You can see my first effort above right - the colours aren't right as I was working with my minimalist set of colours. However it's given me an idea for one view for a drawing.
Below you can find out a bit more about the market.
Leadenhall Market
The Romans built Londinium on the north bank of the Thames - just north of London Bridge. In about 140AD, the city is thought to have been home to about 45,000- 60,000 people. The site of Leadenhall Market used to be where the basilica and forum were. Apparently the forum was bigger than Trafalgar Square and is reputed to be the biggest Roman forum north of the Alps.
In the middle of the Roman town, the Forum was the largest marketplace building north of the Alps, measuring an almost perfect square 168 x 167 m.

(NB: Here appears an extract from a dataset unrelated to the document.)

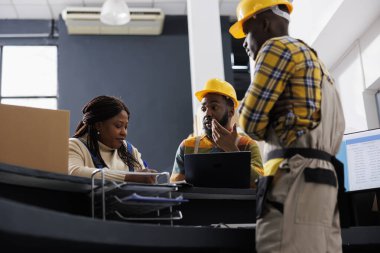 Postane çalışanları sipment şirketinin deposunda paket alımını yönetiyor. Afro-Amerikan teslimat ekibi resepsiyondaki fabrika nakliye işlemini denetliyor.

Two main building phases have been distinguished. The early forum, built after the time of the rebellion of Boudicca, had an open courtyard and several shops around it. The identification of this building as a forum has been disputed, and it has been argued that these were merely large warehouses. At the beginning of the second century the complex was significantly enlarged. The forum still had an open courtyard with shops around, but also a large Basilica. The forum was in use till around AD 300The name of Leadenhall comes from a mansion which used to stand nearby.
Wikipedia - Roman London
This is what the City of London website has to say about Leadenhall Market - Dick Whittington was given the first leasehold on the Manor of Leadenhall! In Victorian times it had the reputation of being the best poutry market in London.
Links:A meat and fish market occupied a series of courts behind the grand lead-roofed mansion of Leadenhall on Leadenhall street in the 14th century. It was an established meeting place of the Poulterers as early as 1321, whilst the Cheesemongers from the countryside were bound in 1397 to take their produce into the market of Leadenhall.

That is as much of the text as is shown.